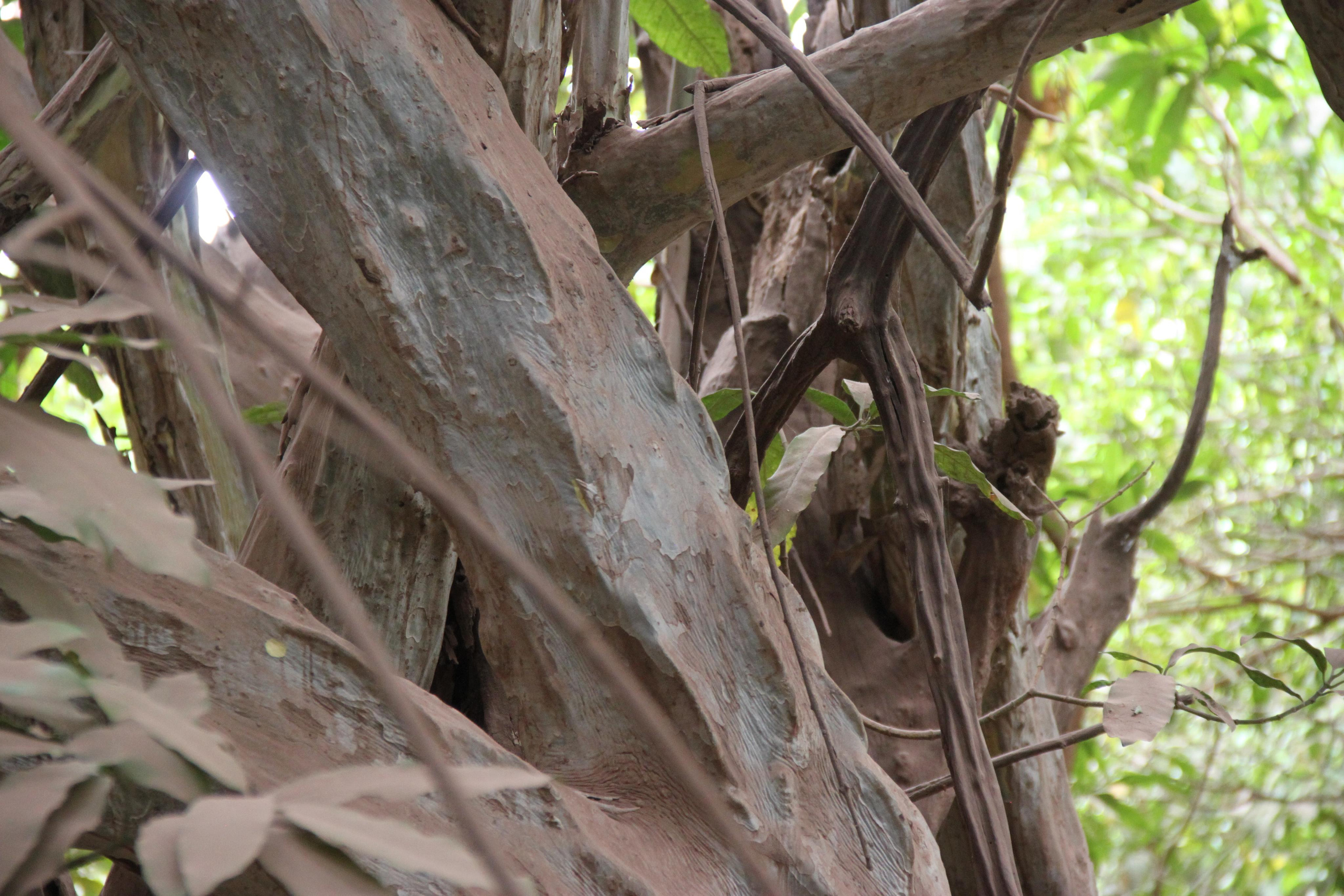 Lake Manyara National Park. Andrey Filippov Photographer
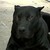 :iconemma-sama96:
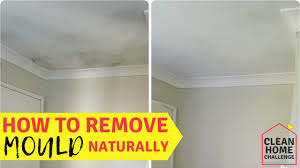 Looking To Remove Mould Naturally From Your Home Without Having To Use Chemicals Remove Mould From Your Bathroo In 2020 Mold Remover Cleaning Mold House Cleaning Tips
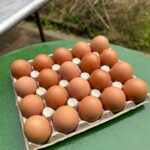 egg substitutes - David Lebovitz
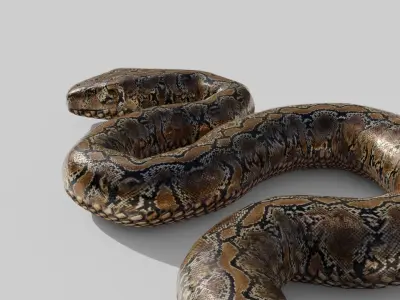 Python Snake - Low Poly -  Game Ready - PBR Low-poly 3D model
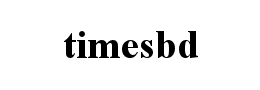 timesbd字体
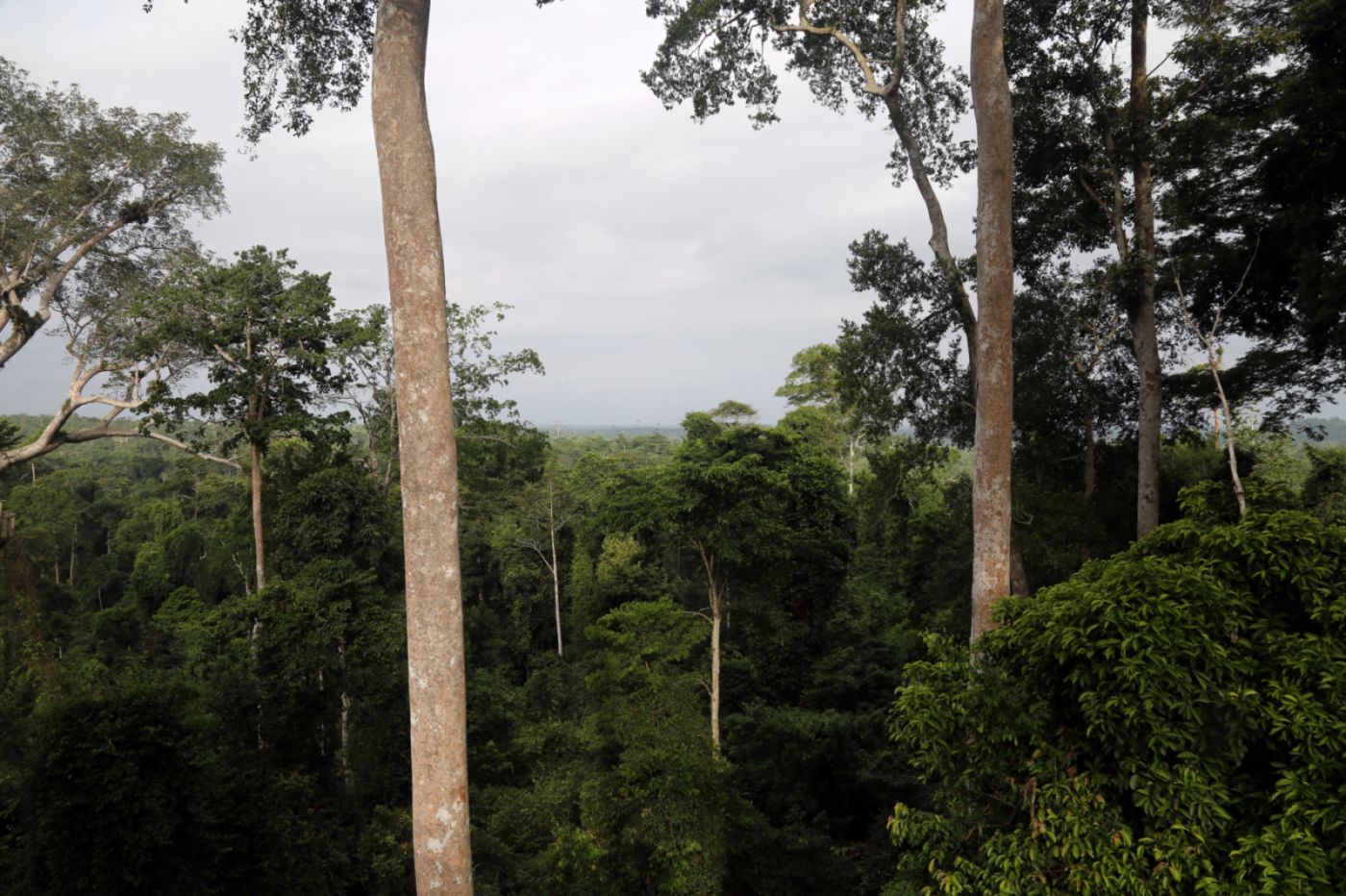 Ghana 30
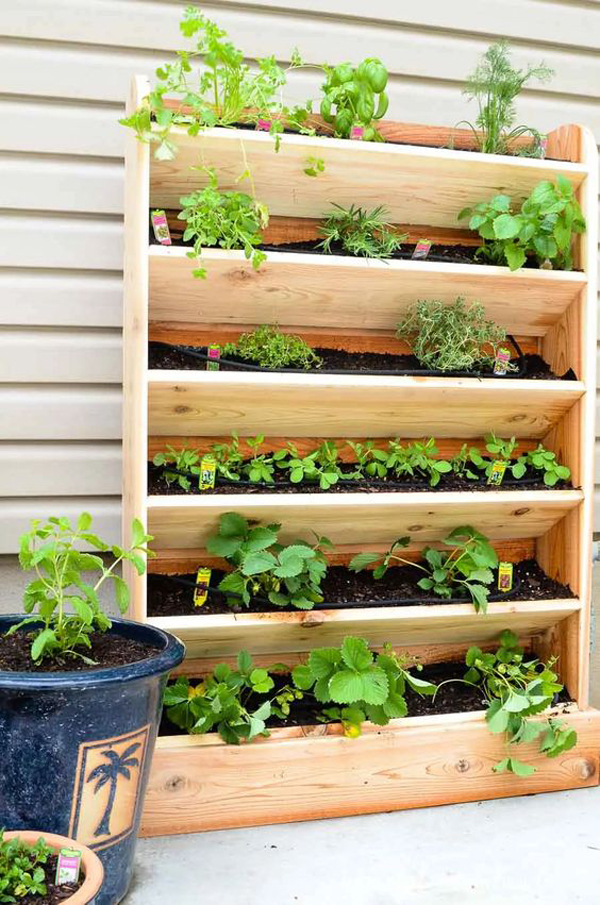 Vertical-garden-with-drip-watering-system-ideas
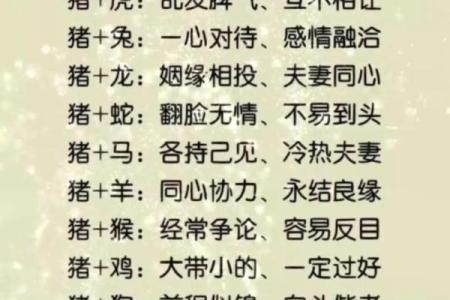 各不相下打一生肖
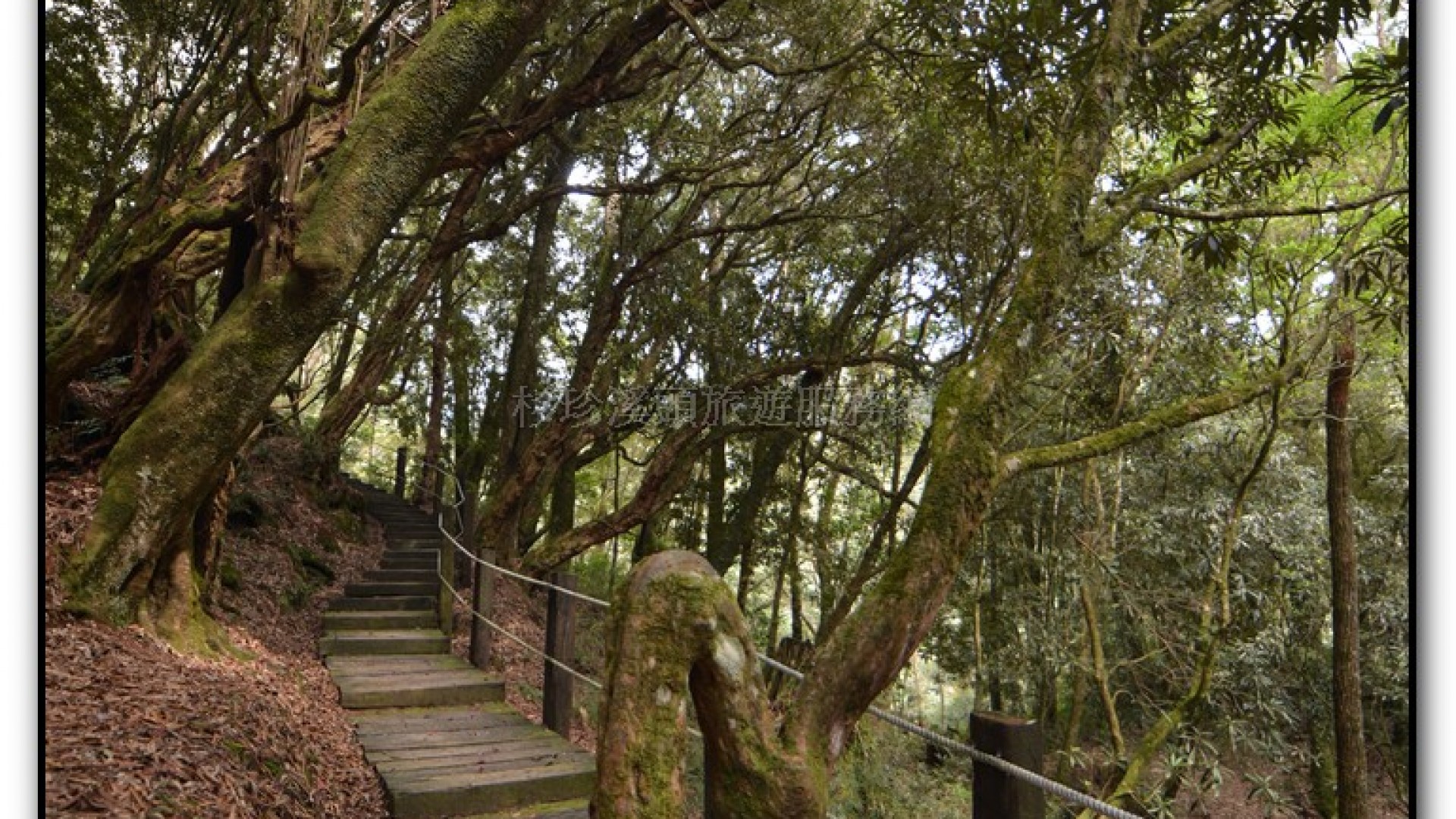 森林公園-杉林溪旅遊景點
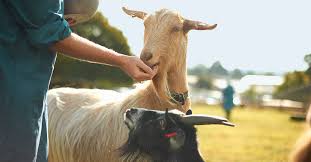 Look a goat :1 year of good luck bestowed upon you. Does Goat S Milk Contain Lactose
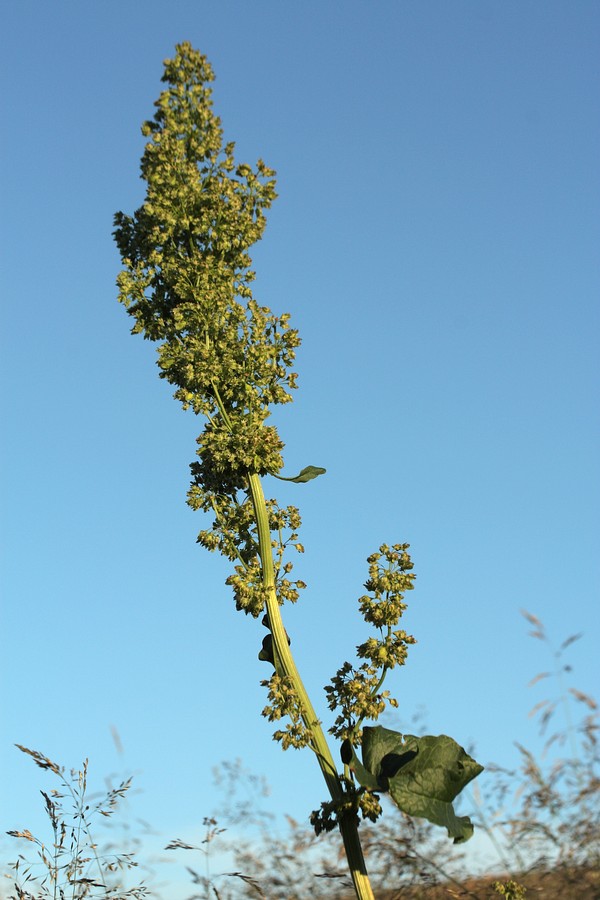 Изображение особи Rumex aquaticus.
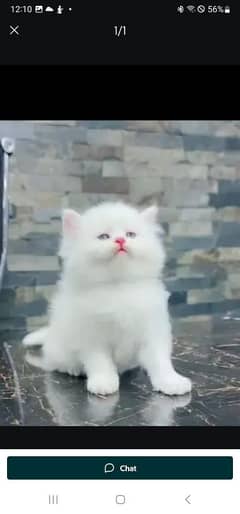 Persian cat for sale and female vaccine clear 0329/48/68/556/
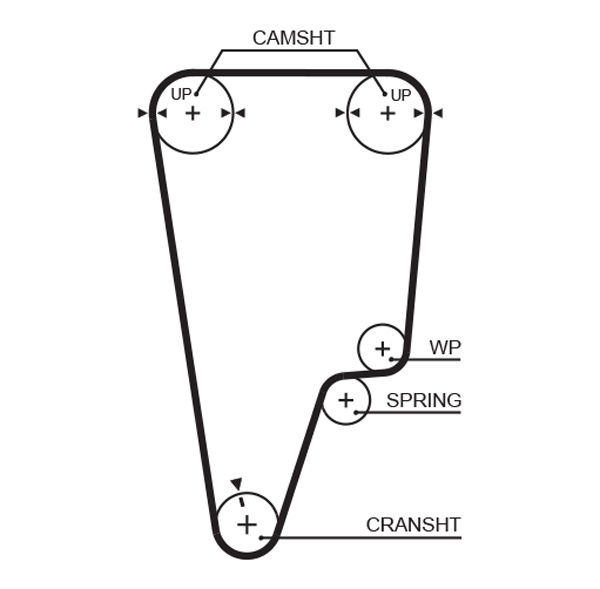 Зубчатый ремень   5505XS   GATES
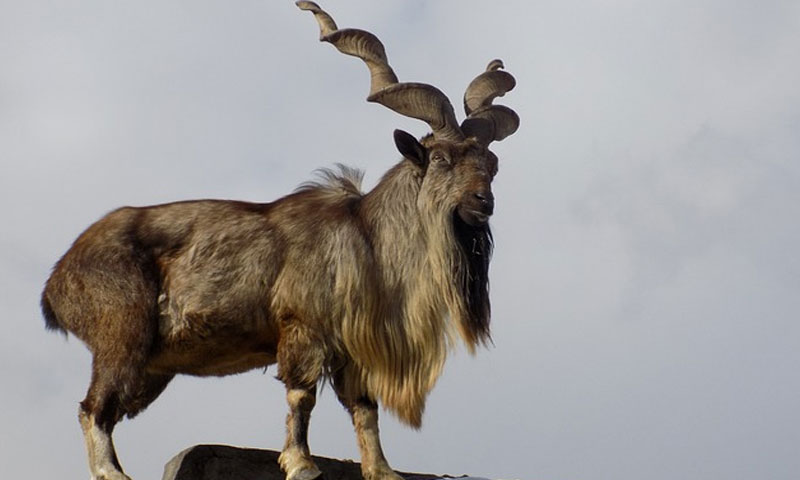 Markhor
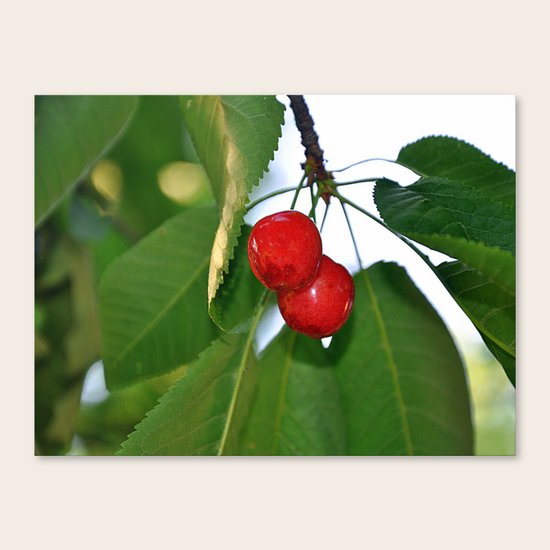 cherries Canvas Print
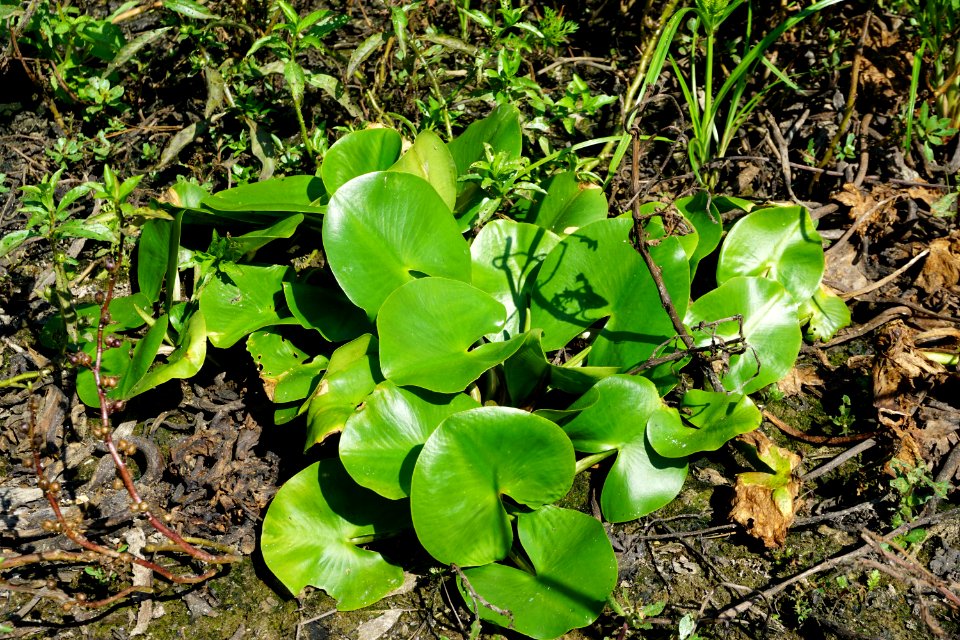 plant Nuphar Little River Park ncwetlands KG (3)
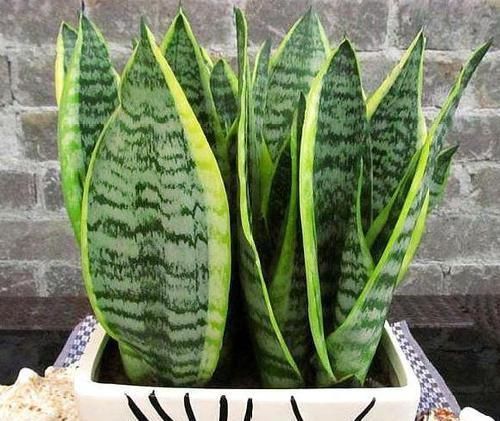 多菌灵|冬天养虎皮兰,盆土长毛咋办?趁早这么干,不然就救不活了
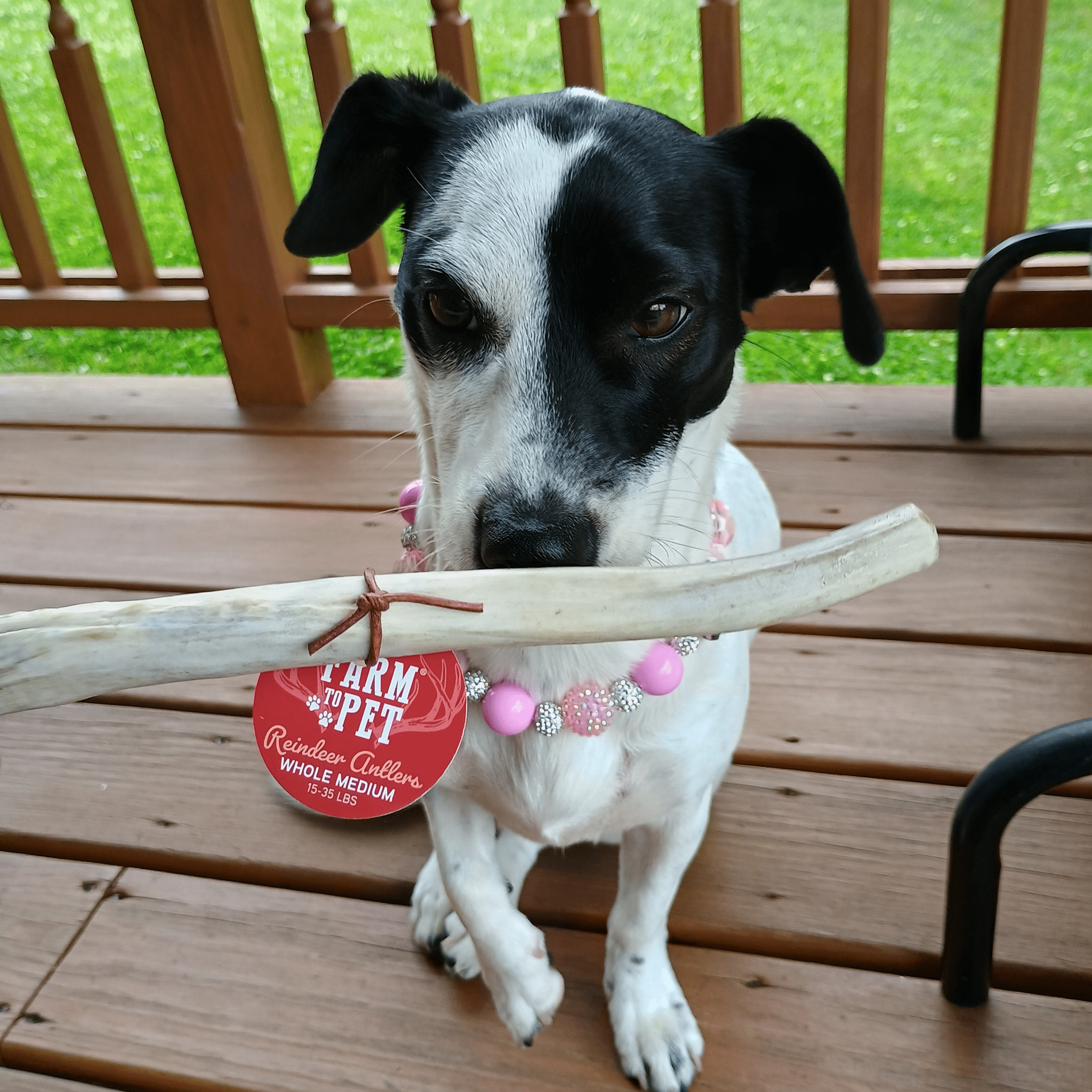 REINDEER ANTLERS FOR DOGS | ANTLER DOG CHEWS FOR AGGRESSIVE CHEWERS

▶ _What you have to do_
Begin with the line containing "plant Nuphar Little", stop at the last line of the records above, and copy every line in between exactly, both ends included, with no pictures.

▶ _Answer_
 plant Nuphar Little River Park ncwetlands KG (3)
 多菌灵|冬天养虎皮兰,盆土长毛咋办?趁早这么干,不然就救不活了
 REINDEER ANTLERS FOR DOGS | ANTLER DOG CHEWS FOR AGGRESSIVE CHEWERS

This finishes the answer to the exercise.